What you have to do => Leave out the pictures and copy every record exactly.

** Data provided follows **

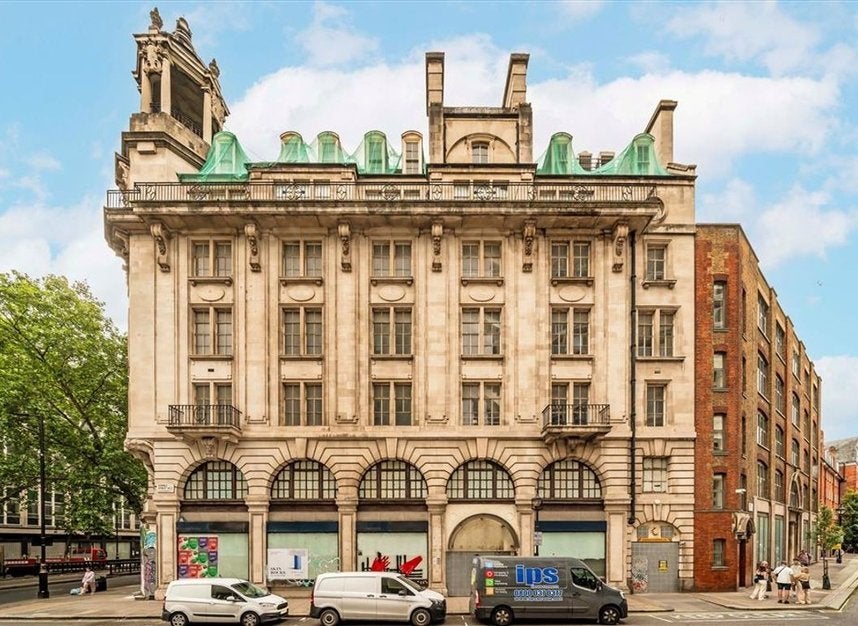 Flat Kingsway in City of Westminster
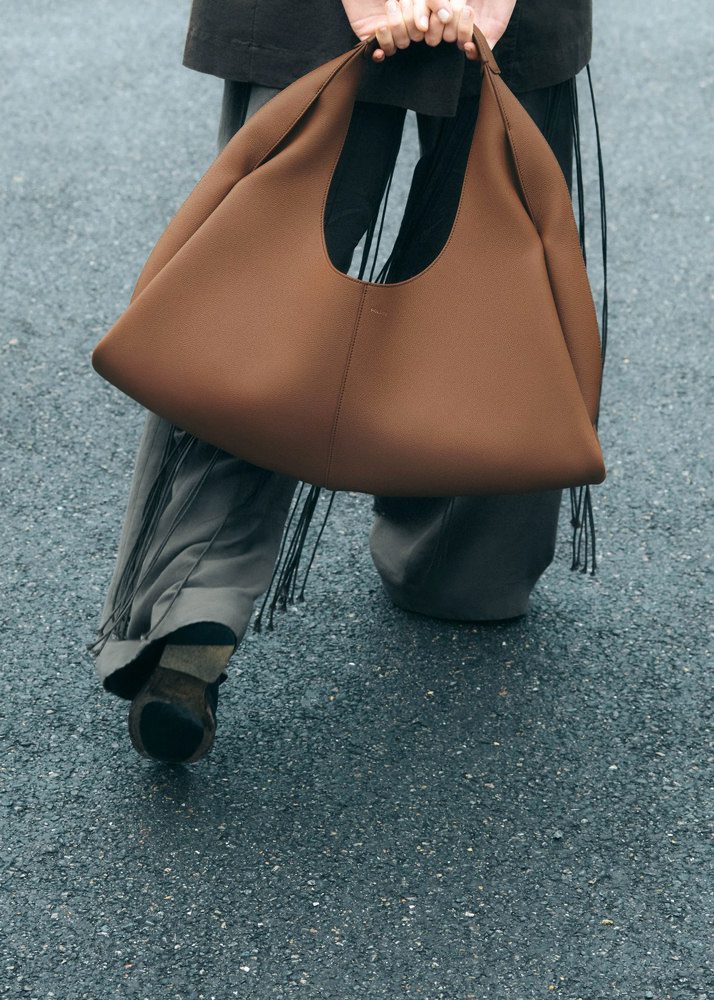 Polène Introduces the Shuldo, a Slouchy New Carryall That Exudes Parisian Chic 3 Polene Shuldo Brown 2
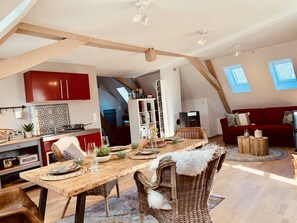TV, fireplace, books, music library - Mosel Loft in a historical ambience - James Cook Apartment (Kinheim)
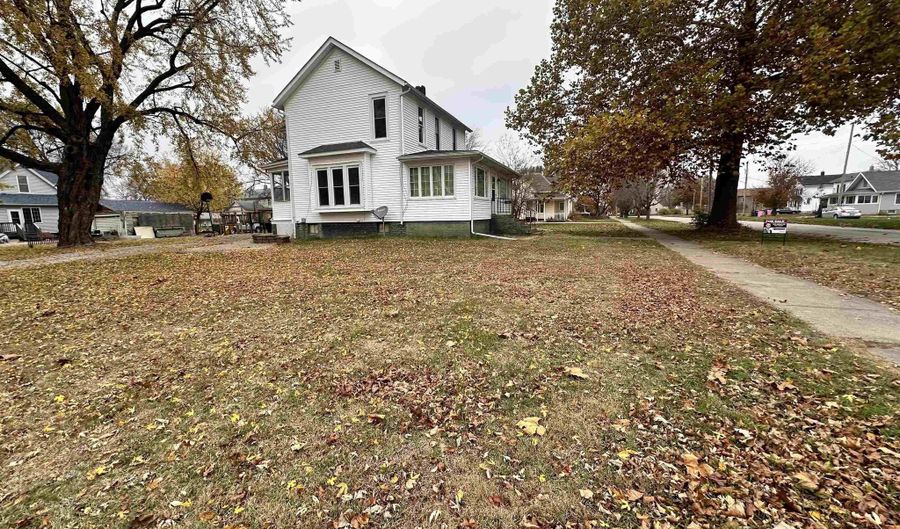 601 N COLLEGE Ave, Aledo, IL 61231 - 3 Beds, 1 Bath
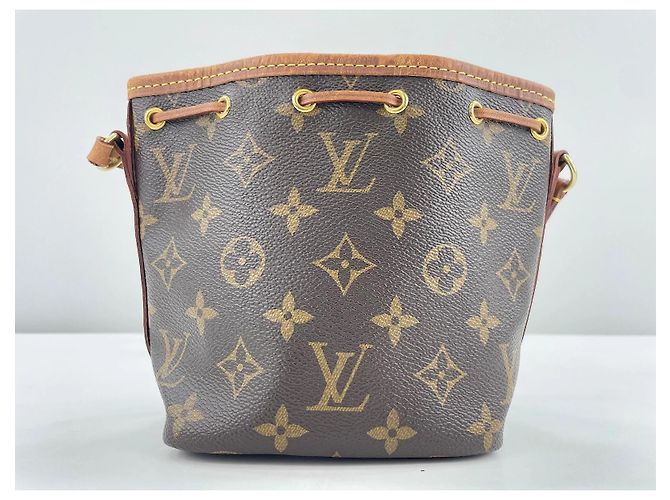 Louis Vuitton Nano Monogram Canvas - vista 3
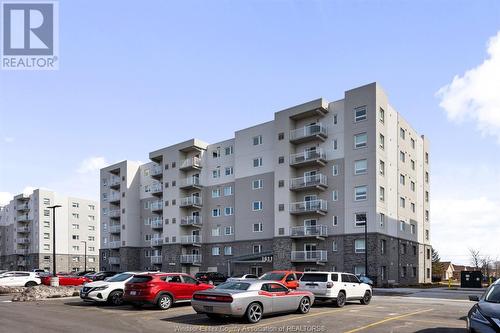 1611 Banwell Unit# 414, Windsor, ON - Outdoor With Balcony With Facade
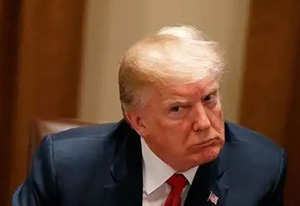 Survei terbaru menunjukkan bahwa mayoritas warga AS mendukung pemakzulan Presiden Donald Trump menyusul imbas dari konflik dan perang dengan Iran. (Foto: Inilah.com/Associated Press)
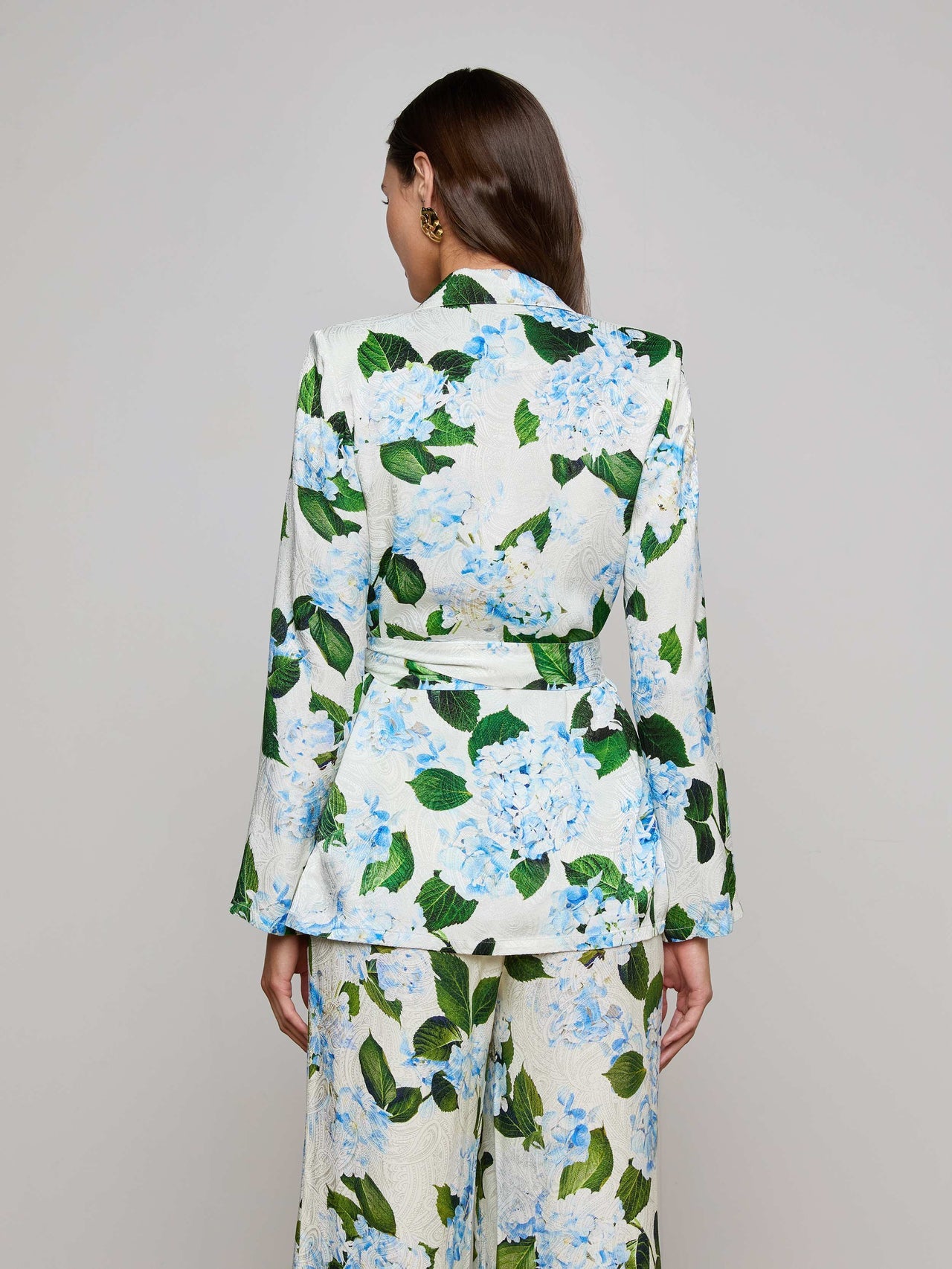 Ciara Satin Robe Top in Ivory/Light Blue Large Hydrangea | L'AGENCE sale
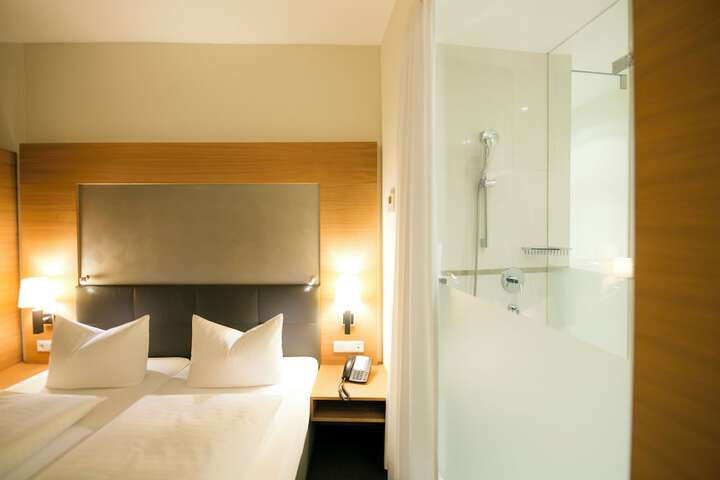Room 50 of 136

** End of Data provided **

Completed exercise =>
 Flat Kingsway in City of Westminster
 Polène Introduces the Shuldo, a Slouchy New Carryall That Exudes Parisian Chic 3 Polene Shuldo Brown 2
TV, fireplace, books, music library - Mosel Loft in a historical ambience - James Cook Apartment (Kinheim)
 601 N COLLEGE Ave, Aledo, IL 61231 - 3 Beds, 1 Bath
 Louis Vuitton Nano Monogram Canvas - vista 3
 1611 Banwell Unit# 414, Windsor, ON - Outdoor With Balcony With Facade
 Survei terbaru menunjukkan bahwa mayoritas warga AS mendukung pemakzulan Presiden Donald Trump menyusul imbas dari konflik dan perang dengan Iran. (Foto: Inilah.com/Associated Press)
 Ciara Satin Robe Top in Ivory/Light Blue Large Hydrangea | L'AGENCE sale
Room 50 of 136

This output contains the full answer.